According to a study in the U.S. National Library of Medicine, short-term abstinence rates for those who received treatment for alcohol addiction were 62 percent, compared to 43 percent for untreated individuals. Of those who remained abstinent for the first three years, 61 percent of the untreated group relapsed within the next 16 years compared to 43 percent of the group that received help. Those who received treatment were also more likely to stick with addiction support programs through the course of 16-year study.


Advantages of Medical Detox

The most obvious advantage of medical detox is the fact that the goal of this treatment is to make withdrawal as comfortable as possible. Many people are aware that the symptoms of withdrawal are incredibly unpleasant when experienced without medical intervention, and this deters many people suffering from substance abuse from attempting to quit. In medical detox, any sign of discomfort is taken as a sign that the treatment isn’t ideal, and doctors will do what they can to adjust medication and therapies until the person is comfortable again.

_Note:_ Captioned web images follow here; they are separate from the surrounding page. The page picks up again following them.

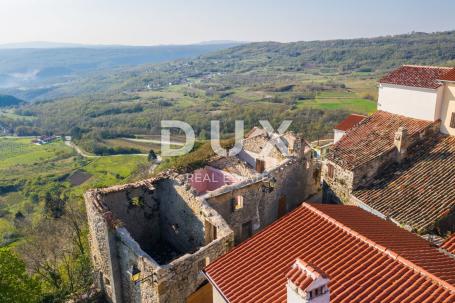 ISTRA, PIĆAN - 3 kuće u nizu za adaptaciju s vrtom, panoramski pogled, prilika!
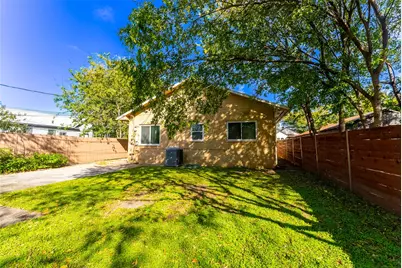 1209 E 3rd Street, Austin, TX 78702 - Photo 23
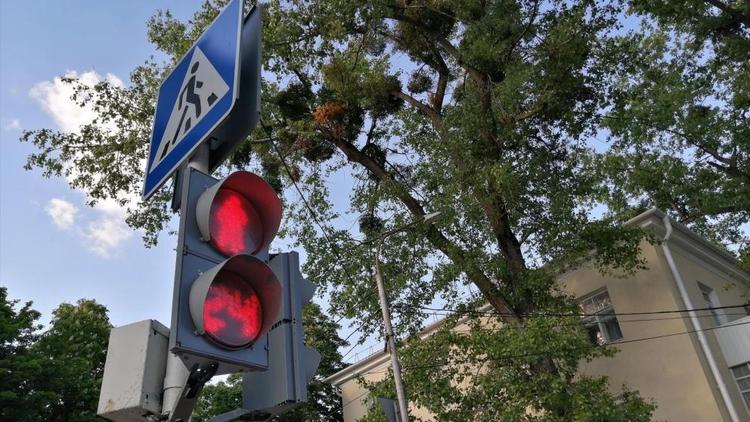 В Ставрополе до конца 2023 года появится 67 умных светофоров
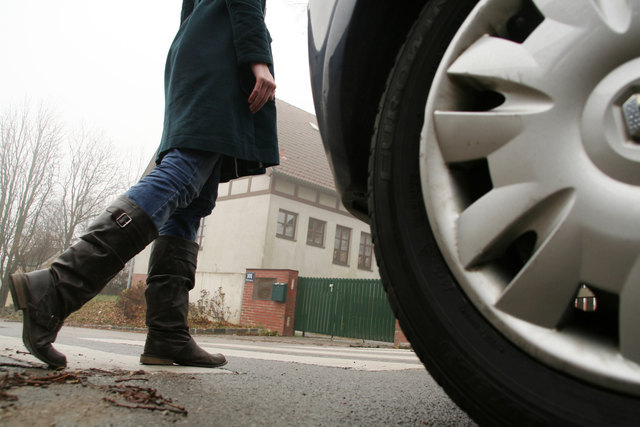 ... und noch schnell das Kind abholen. Nicht alle Eltern parken ihr Auto vorm Kindergarten Käferkreuzgasse immer korrekt, sondern stellen es beim Zebrastreifen oder der Haltestelle ab. Das birgt Gefahren.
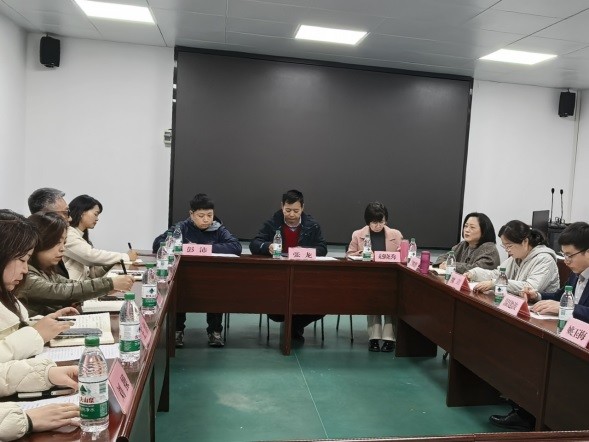 面对面问需 心贴心服务 ——市侨联赴西陵区调研“侨胞之家”工作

As explained by the National Institute of Drug Abuse, each addiction is unique and therefore requires an individualized approach. Medical professionals also take into account the person’s psychological state, medical history, previous attempts at sobriety, related health issues such as liver function, age, gender, size, and all other factors that affect the detox process. They can then offer tailored aftercare options and recommend support programs for managing addiction disorders. All of this contributes to the lower relapse rates that occur for those who seek medical help with detox and addiction disorder management.

There is no reason to go through detox alone. Addiction is a disease that can and should be treated by medical professionals, especially considering the fact that quitting cold turkey can be so risky. There is no need to punish oneself by going through withdrawal symptoms alone when you can receive treatment that will make the process bearable, and receive information and treatment plans that will make it easier to stay sober.

It’s also important to keep in mind that medical detox alone without continuing treatment creates a high risk of relapse. Ongoing addiction treatment and support are needed to keep the recovering individual on the right path. There are many programs available that are dedicated to helping those with addiction disorders get clean safely.